Atatürk’ün kararlılığı yalnız cephelerde değil, zihinlerde de destan yazdı. O, yenilgilerin, yoksulluğun, umutsuzluğun içinden korkusuz bir ulus yarattı. Küllerinden doğan bir halkın, iradesine sahip çıkan bir milletin destanını yazdı.

Trablusgarp’ta emperyalizme karşı ilk direnişi başlattı; Çanakkale’de “burası geçilmez” dedirtti! Ama en büyüğü, savaş meydanlarından barış sofralarına, diplomasiye uzanan bir devrim yaptı. Kılıcıyla, cesaretiyle, aklı ve yüreğiyle kazandığı zaferi kalemiyle taçlandırdı.

57 yıllık kısa bir ömre bir milletin yeniden doğuşunu, bir imparatorluğun küllerinden modern bir Cumhuriyetin kuruluşunu sığdırdı.

Saltanatı kaldırdı, halifeliğe son verdi, ulusal egemenliği yurttaşın iradesine teslim etti. Kadınlara seçme ve seçilme hakkını tanıyarak çağının en ilerici adımlarından birini attı. Eğitimi laik, bilimi rehber kıldı. Kimsenin aklından bile geçiremeyeceği harf devrimiyle düşüncenin önünü açtı. Ekonomide hakça kalkınmayı, kültürde evrensel değerlerle harmanlanmış bir milli kimliği inşa etti.

O yüzden Atatürk sadece bizim ülkemizin değil, tüm insanlığın ortak değeri, özgürlük mücadelesinin evrensel sembolüdür.

Ulu Önderimizin Trablusgarp’tan Anafartalar’a, Sakarya’dan Büyük Taarruz’a kadar; vatanın her karış toprağında gösterdiği cesaret bugün hâlâ yolumuzu aydınlatıyor.

Bu milleti kulluktan yurttaşlığa taşıyan fikirler; Cumhuriyet’in ışığıyla hâlâ parlıyor, hâlâ yol gösteriyor.

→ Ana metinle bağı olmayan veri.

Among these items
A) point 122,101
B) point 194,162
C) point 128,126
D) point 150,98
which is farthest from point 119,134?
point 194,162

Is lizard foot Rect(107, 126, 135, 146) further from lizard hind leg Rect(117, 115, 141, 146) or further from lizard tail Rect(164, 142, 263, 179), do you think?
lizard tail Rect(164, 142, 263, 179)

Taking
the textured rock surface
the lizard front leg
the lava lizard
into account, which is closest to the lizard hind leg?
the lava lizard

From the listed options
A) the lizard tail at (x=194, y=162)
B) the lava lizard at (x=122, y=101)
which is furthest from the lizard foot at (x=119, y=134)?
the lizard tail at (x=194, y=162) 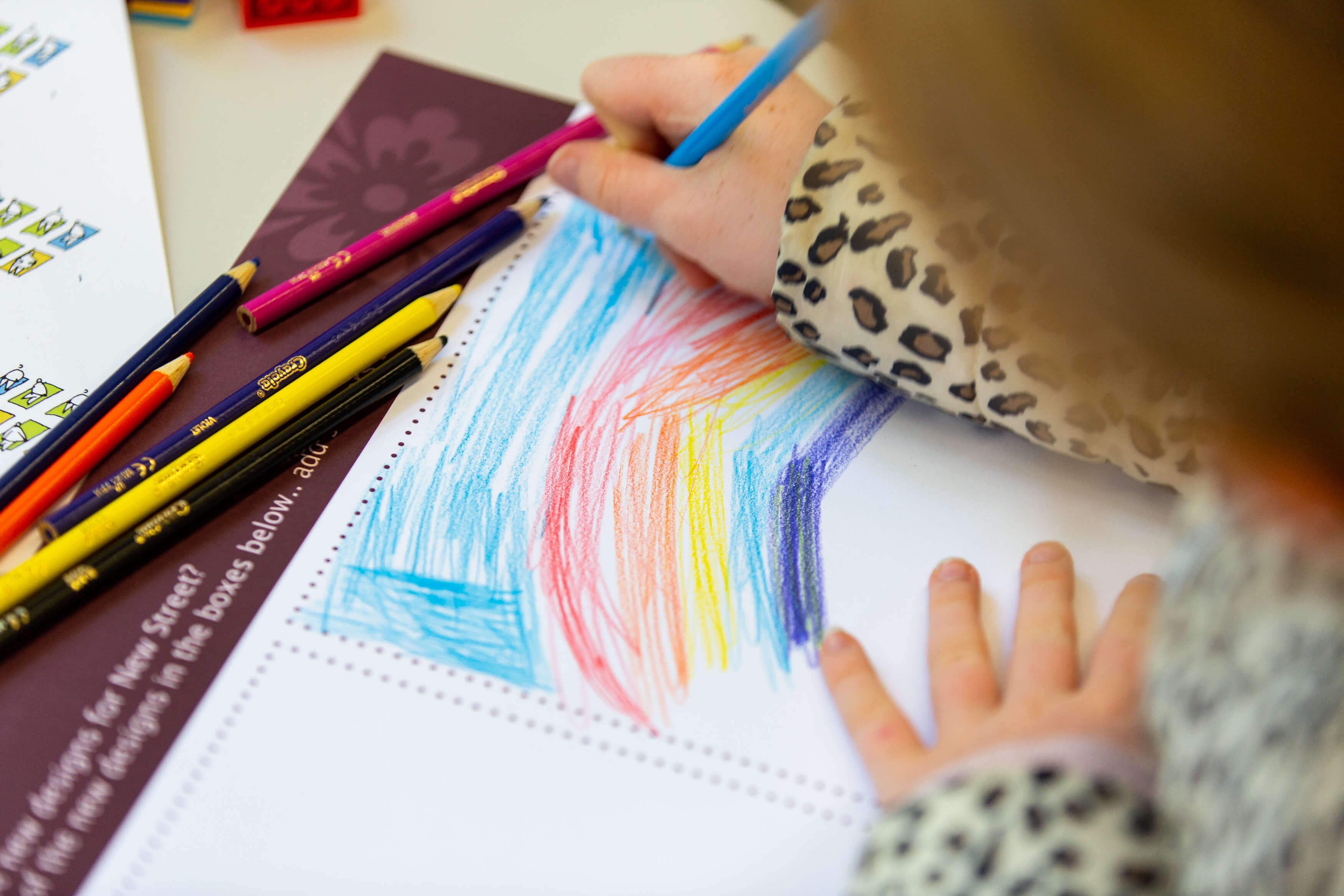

Gazi’ye minnettarız ama biliyoruz ki minnettar olmak yetmez!

Ona layık olmak, onun gösterdiği hedeflere ulaşmak için her gün yeniden çalışmak gerekir. Bilimin rehberliğinde, demokratik bir biçimde, emeğin onuruyla, yurttaşlarımızdan aldığımız enerjiyle, hep birlikte dayanışmayla yürümeye devam edeceğiz!

Ebedi Genel Başkanımızı aramızdan sadece bedenen ayrılışının 87. yılında saygıyla, özlemle ve minnetle anıyoruz.

Sakınanlara, gocunanlara inat onun fikirleri, onun devrimleri, onun yolu bu ülkenin en güçlü harcı olmaya devam edecek.

Bizler, Atatürk’ün “Benim naçiz vücudum elbet bir gün toprak olacaktır, fakat Türkiye Cumhuriyeti ilelebet payidar kalacaktır” sözü ile; izinde yürümeye, devrimlerini yaşatmaya kanımızın son damlasına kadar devam edeceğiz!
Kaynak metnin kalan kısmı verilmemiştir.